There are of course possibilities that lie in between. I know my wife, her friend, the bar scene, and enough circumstantial evidence to conclude that my wife falls a lot higher on scale number two than she claims. High enough, I think, to sum up her nights out as lying to me about going out dancing when she is really going out to meet, dance with, and party with different men every night. Surely multiple men during a 5 hour stretch. It could even be interpreted that she is going out on dates on those horrible nights. My wife is cheating on me, albeit in an unconventional manner. 
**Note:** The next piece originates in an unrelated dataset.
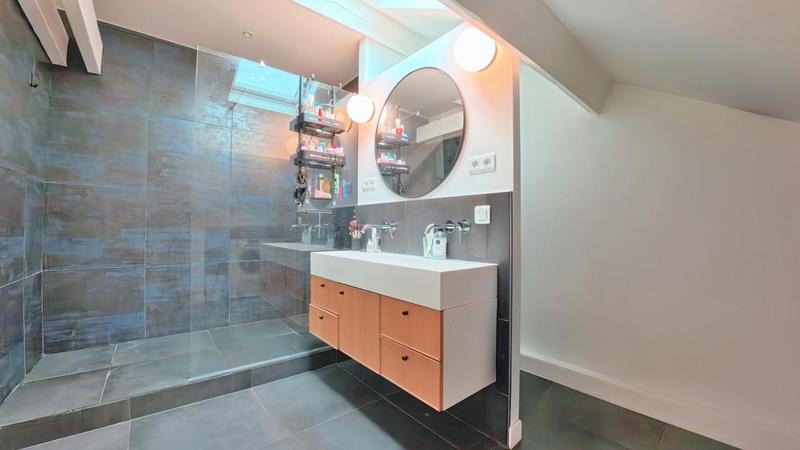 Appartement - 140 m² - 4 pièces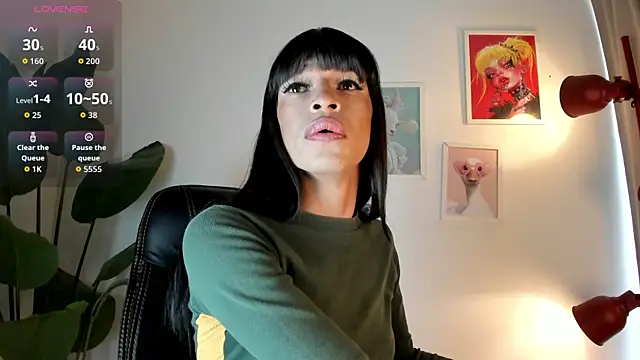 Snapshot of Gia_Demie chatting on June 18, 2026, 12:31 pm Gia Demie online show from June 18, 2026, 12:31 pm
No, I was never hit with the news that my wife had a physical affair with another man. But what that guy has to protect him is ignorance. It’s all going on behind his back. I have to watch my wife primp and dress for her date. I get to watch her drive away to her date like a proud papa. And best of all, I get to lay awake in bed until 2:30 AM with a pit in my stomach wondering how the date’s going.

Thank you everyone for your advice. I am pleasantly surprised my excursion onto this sight could have helped so much.


----------



## dee

My opinion it that this is somewhat healthy. I can understand your feelings and I don't think you are wrong to feel that way but sometimes we all need our time away and that can actually help make a marriage stronger. It sounds like your relationship is quite healthy and your love for each other is pretty strong. If she has not done anything to make you feel otherwise, I would judt take this issue as a way for her to get her own time out of the house and not as anything to worry about. I do think, however, that if you feel she is going out too often, maybe sitting down with her and asking her to slow it down might be a good idea. She would probably understand if you explained that it was bothering you but that you did not want to stop her from continuing her outings. If you put it in a perspective of you missing her each weekend, it could be a good way to make her understand. Just an idea.


----------



## cody5

Thanks Dee, but I'm guessing you wrote this without reading my last post. I've essentially accused my wife of lying to me about what she was doing/looking for. I've labeled her an adultress, essentially. I can see what you're saying, but I can't see anything healthy about the way she acted and treated her family. I've got to confront her and it will be a fight. I think my marriage is in more trouble than I thought.


----------



## euphoria

I am sorry about your situation. Your wife's behavior is totally inappropriate. Why don't you let her know how you feel, and not back down this time? Tell her that you don't mind that she spends an evening with her friend, but not in that manner. She should take the time to go to a restaurant, play, etc...but you know that already..you just need to let her know. I think the main reason that she continues to do this Cody, is because you allow it. That is also why it used to be once a month, now it is every other weekend..soon it will be every weekend. You must put a stop to this, let her know how you feel. If she still will not stop, that means that she is addicted to this behavior. Is she close with her parents? I would talk to the people closest to her who she respects the most. Maybe she will feel some shame and stop. Also, the next time she is getting dressed to go out, why don't you get up and leave first? Surely she won't leave the kids alone...after a few hours pass come home and try to talk. Not sure it would work, just a suggestion.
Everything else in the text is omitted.